*Required action*. Your copy should hold only the lines from the one containing "2011 Custom Andaman Cabriolet 39" through the final line of the entries, exactly as written, with no pictures.

*Material for the task*.
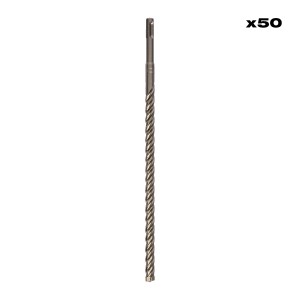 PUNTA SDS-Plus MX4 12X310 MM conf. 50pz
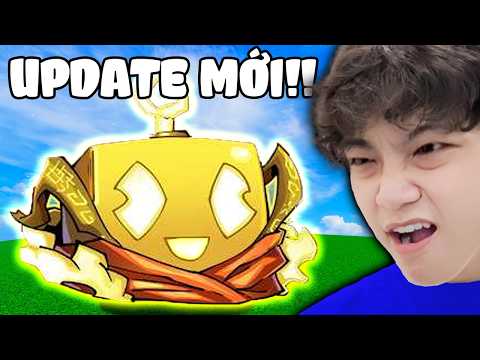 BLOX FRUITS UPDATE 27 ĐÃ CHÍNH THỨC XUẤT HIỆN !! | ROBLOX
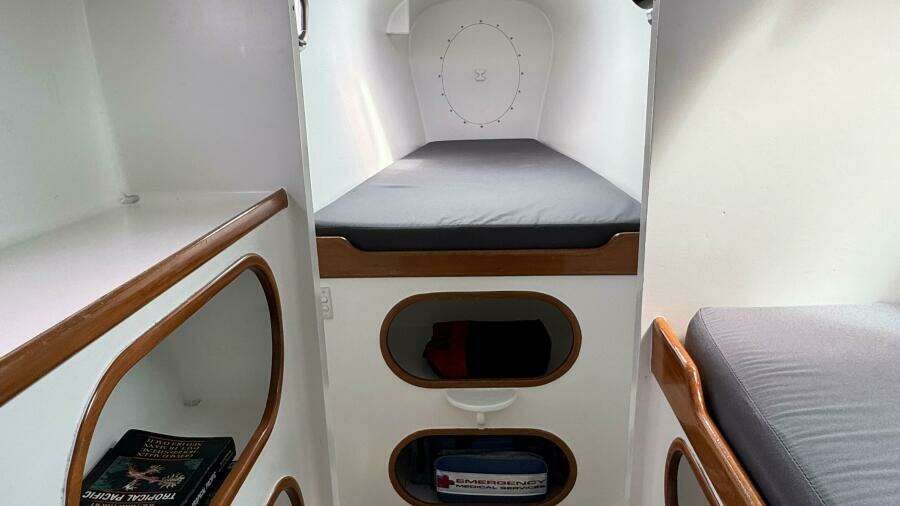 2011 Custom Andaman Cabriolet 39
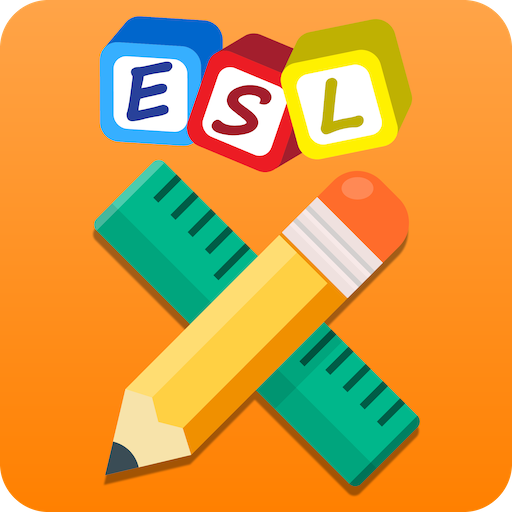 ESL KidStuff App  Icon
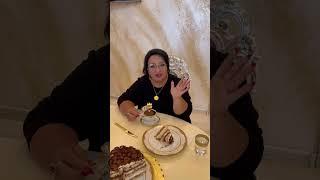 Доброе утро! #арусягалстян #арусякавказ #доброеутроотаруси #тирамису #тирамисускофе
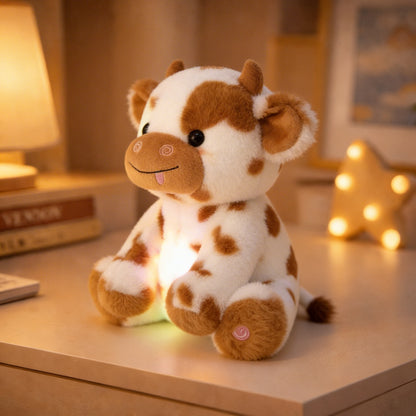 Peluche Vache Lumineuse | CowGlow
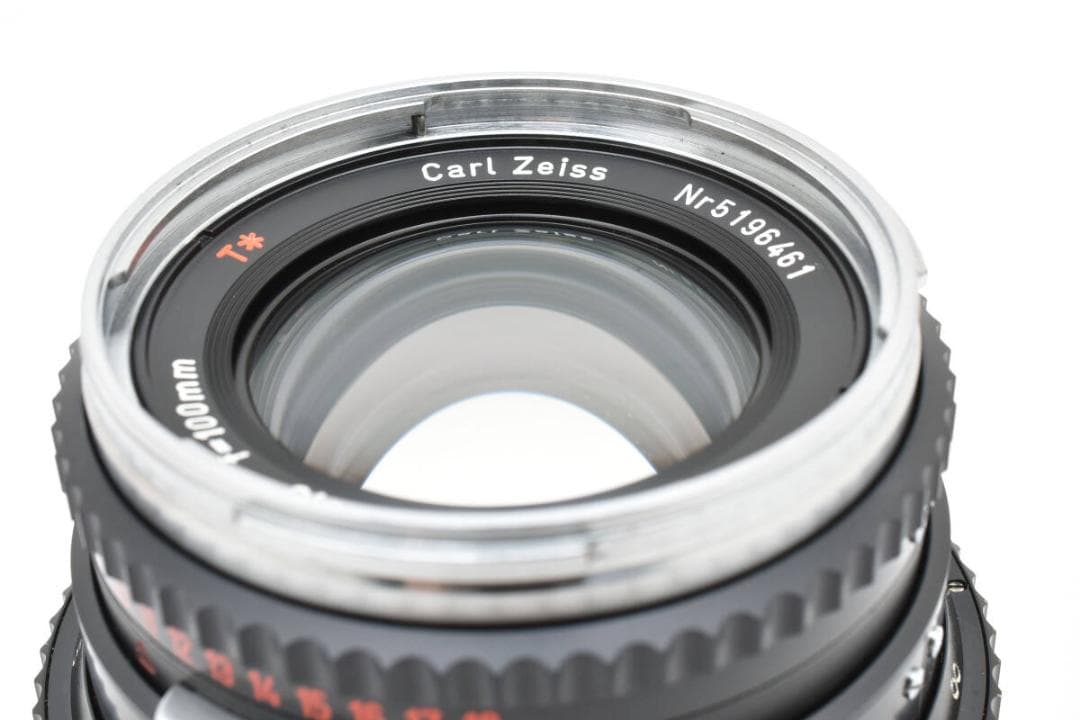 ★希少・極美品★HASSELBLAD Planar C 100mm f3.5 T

*Solution to the exercise*.
 2011 Custom Andaman Cabriolet 39
 ESL KidStuff App  Icon
 Доброе утро! #арусягалстян #арусякавказ #доброеутроотаруси #тирамису #тирамисускофе
 Peluche Vache Lumineuse | CowGlow
 ★希少・極美品★HASSELBLAD Planar C 100mm f3.5 T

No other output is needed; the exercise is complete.